Exercise requirements
Your answer must match, word for word, the lines from the one holding "2010 Porsche Panamera" through the final line below, with pictures excluded.

Extracted entries
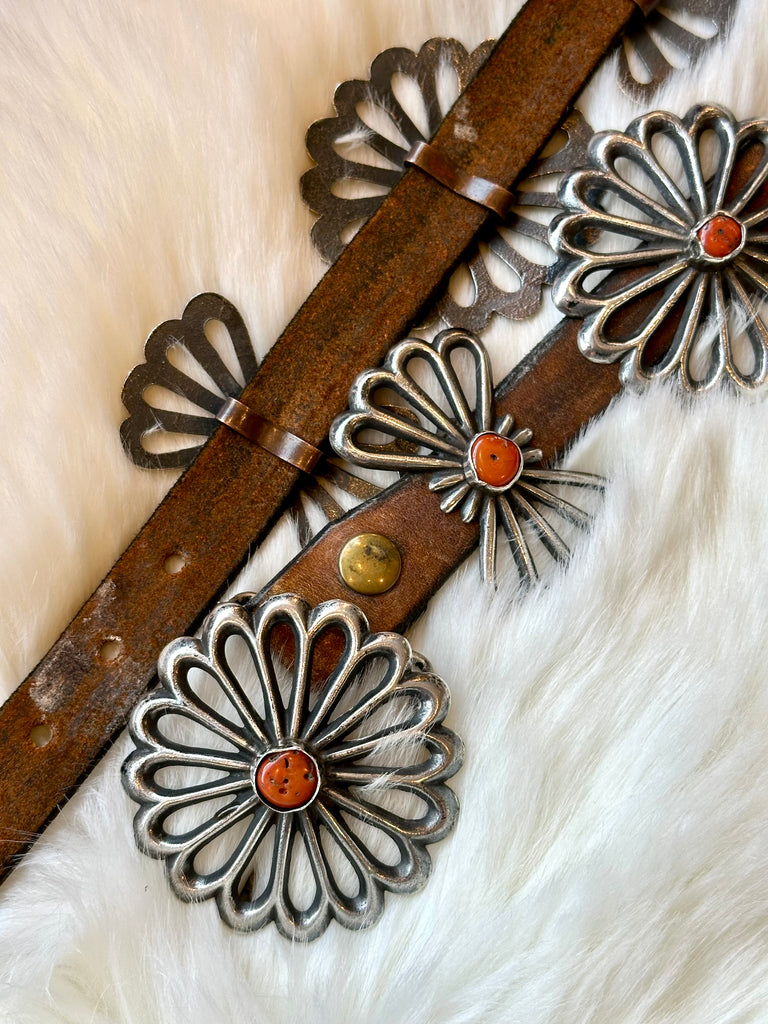 SAND CAST SILVER 60s Coral Floral Concho Belt • Medium  display picture 1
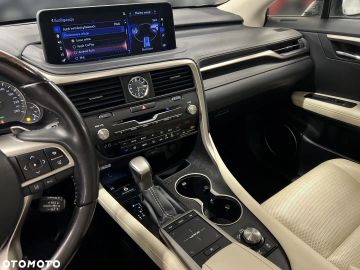 Car image 29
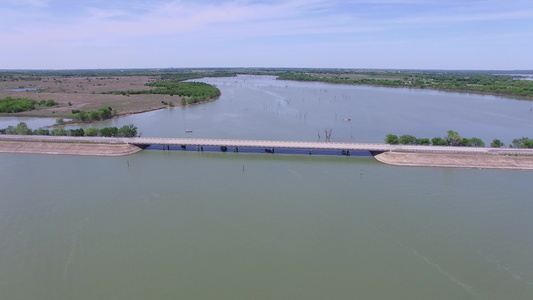 德克萨斯湖射线浴袍的空中观察视频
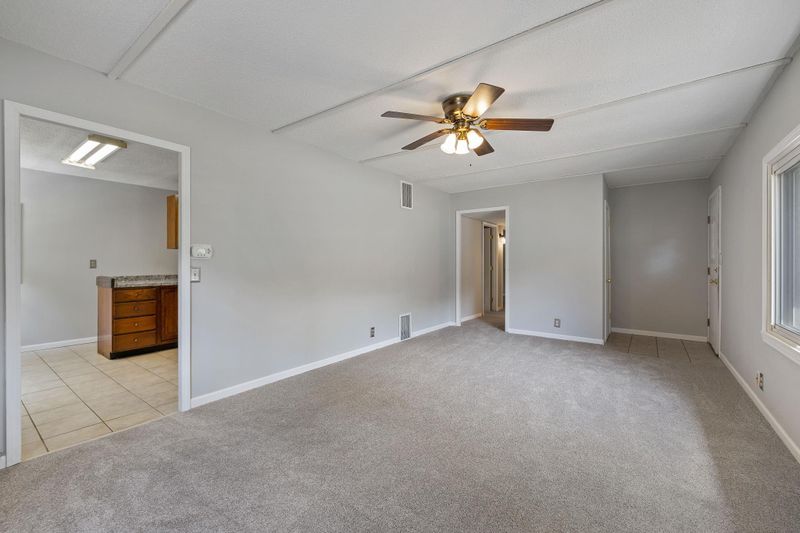 8620 Crest Rd, Bloomington, MN 55425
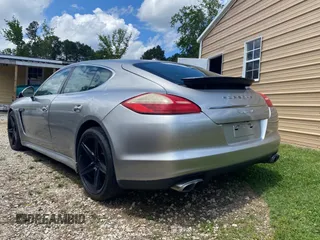 2010 Porsche Panamera S z VIN WP0AB2A76AL065411, wystawiony jako Copart lot #57122525 z przebiegiem 135 112 mil mil oraz Tytuł czysty. Historia ofert i sprzedaży dostępna na DreamBid. Obrazek 3.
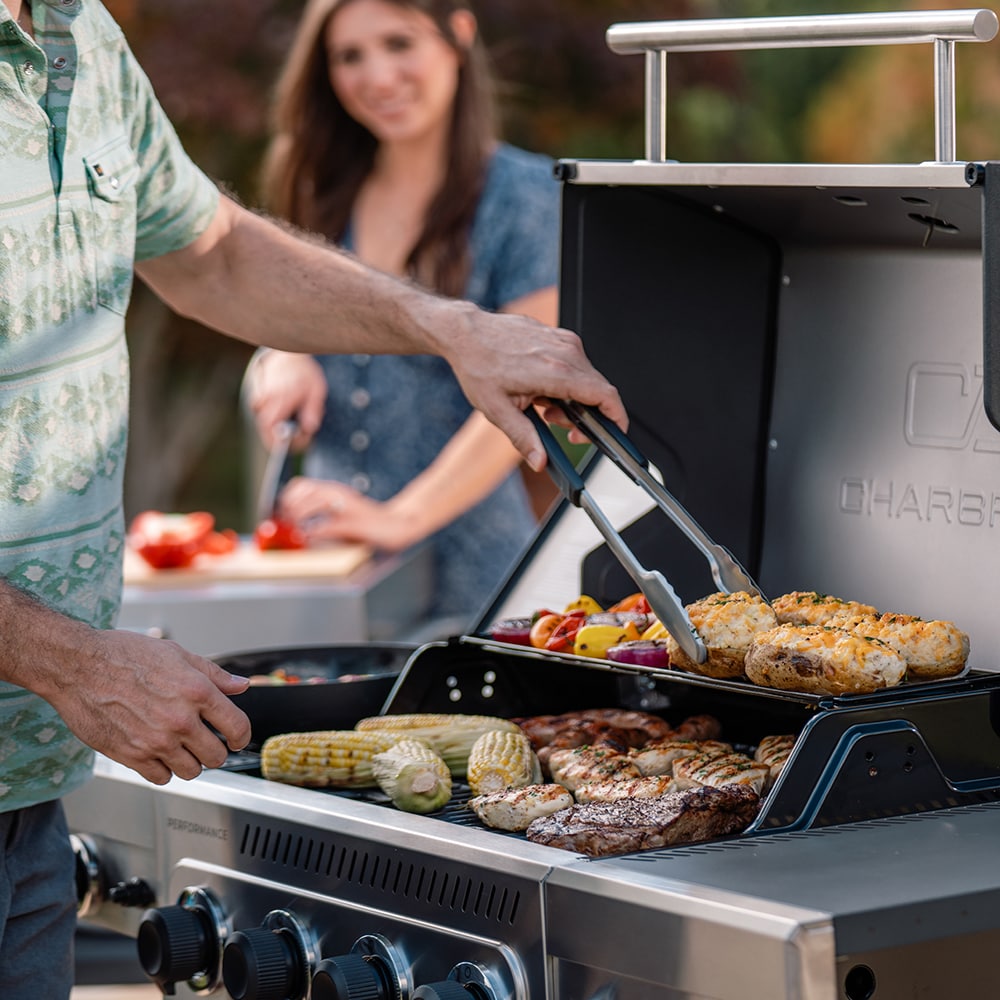 Charbroil Performance Series Gray 4 -Burner Liquid Propane Gas Grill 1 -Side Burner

Answer box
 2010 Porsche Panamera S z VIN WP0AB2A76AL065411, wystawiony jako Copart lot #57122525 z przebiegiem 135 112 mil mil oraz Tytuł czysty. Historia ofert i sprzedaży dostępna na DreamBid. Obrazek 3.
 Charbroil Performance Series Gray 4 -Burner Liquid Propane Gas Grill 1 -Side Burner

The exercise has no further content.